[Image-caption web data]
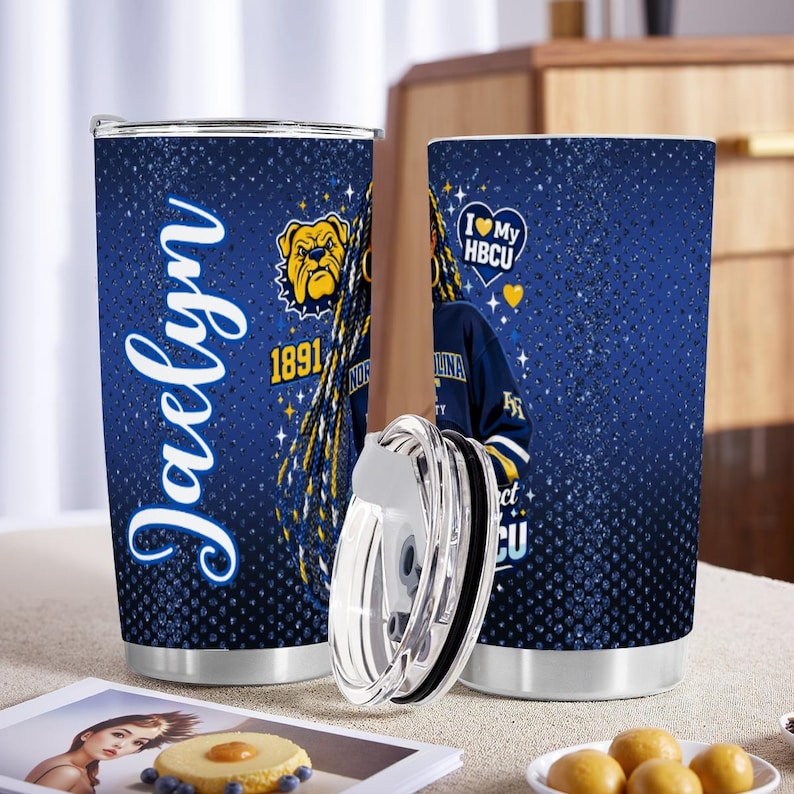 May include: A pair of stainless steel tumblers with a blue background and a design featuring the name "Jaelyn", a bulldog, and the text "I Love My HBCU". One tumbler has a lid removed.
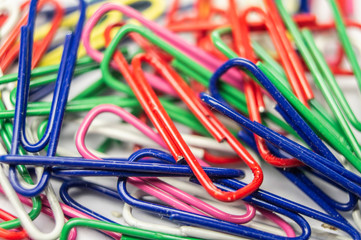 Stationery plastic multicolored paper clips. Macro photography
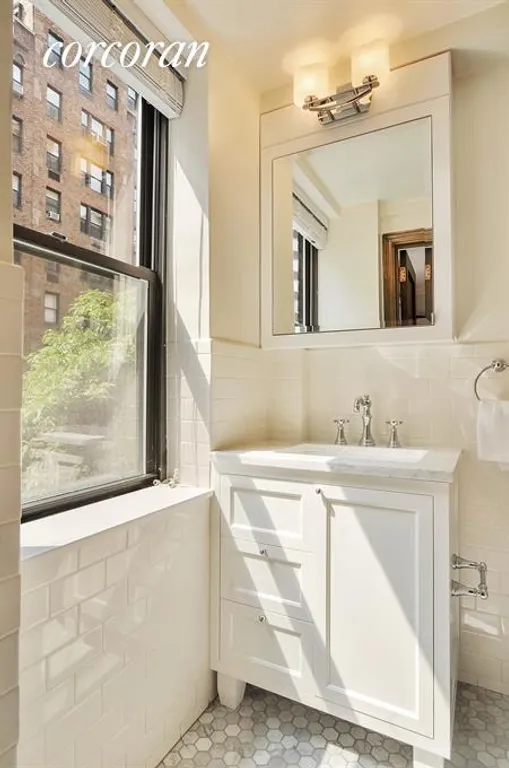 New York City Real Estate | View 235 East 73rd Street, 5AG | Windowed bath with subway tile and custom vanity | View 16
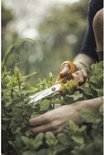 Handen knippen een groen lint met een Fiskars schaar met oranje handgrepen in een tuin.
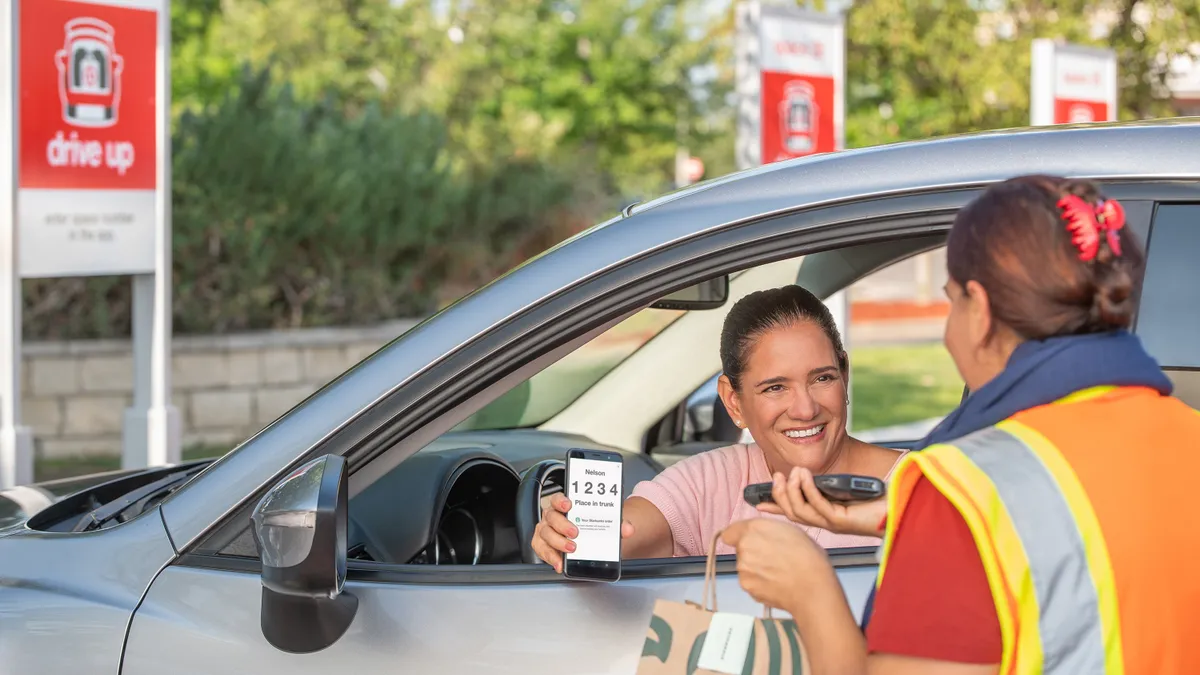 A person in a car accepts a curbside Starbucks order at Target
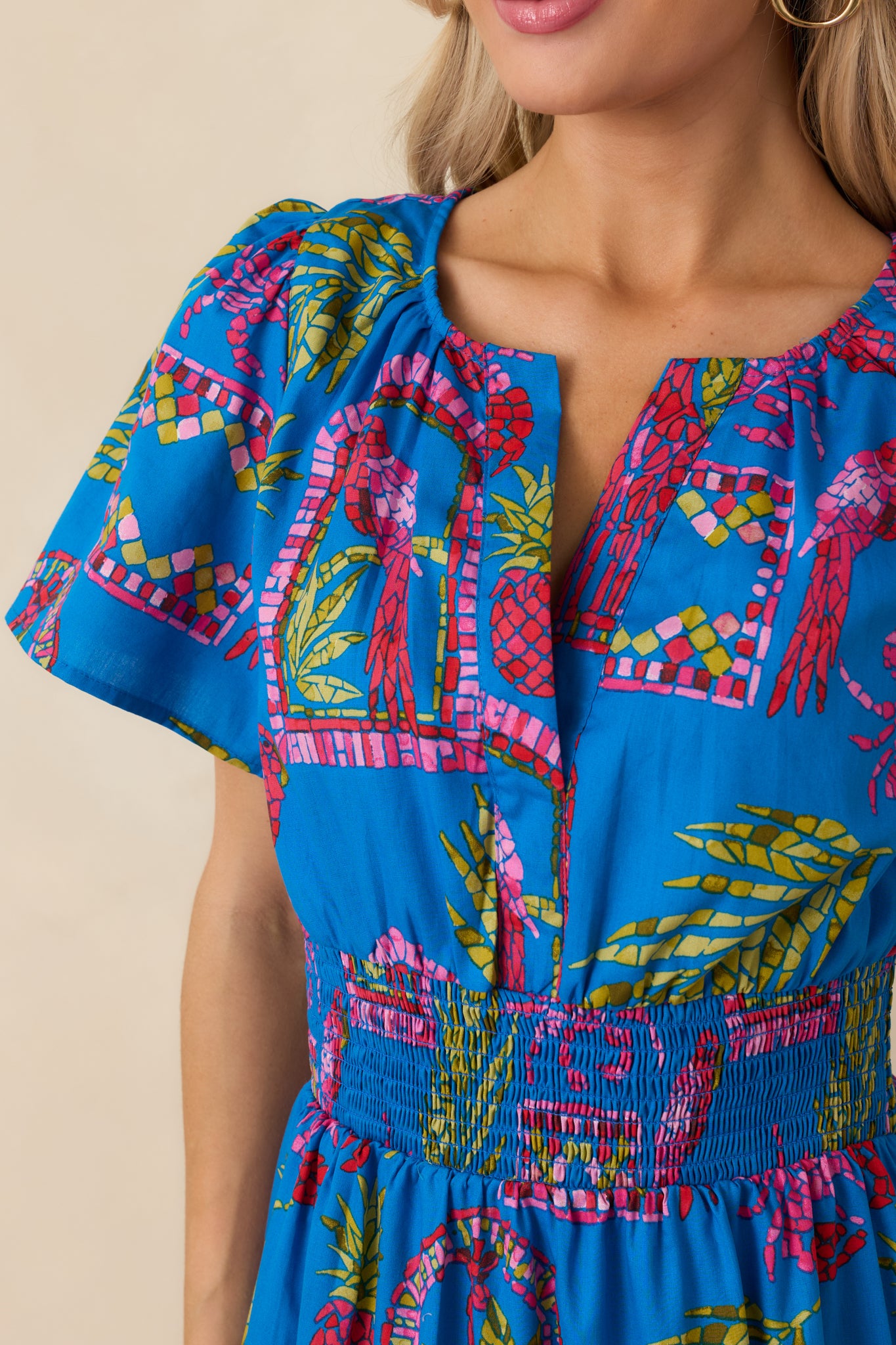 Close-up of the blue tropical mosaic print and smocked waistband with tiered skirt detailing.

▸ WHAT IS BEING ASKED
Above are the records; repeat them all exactly, without the pictures.

▸ WORKED SOLUTION
 May include: A pair of stainless steel tumblers with a blue background and a design featuring the name "Jaelyn", a bulldog, and the text "I Love My HBCU". One tumbler has a lid removed.
 Stationery plastic multicolored paper clips. Macro photography
 New York City Real Estate | View 235 East 73rd Street, 5AG | Windowed bath with subway tile and custom vanity | View 16
 Handen knippen een groen lint met een Fiskars schaar met oranje handgrepen in een tuin.
 A person in a car accepts a curbside Starbucks order at Target
 Close-up of the blue tropical mosaic print and smocked waistband with tiered skirt detailing.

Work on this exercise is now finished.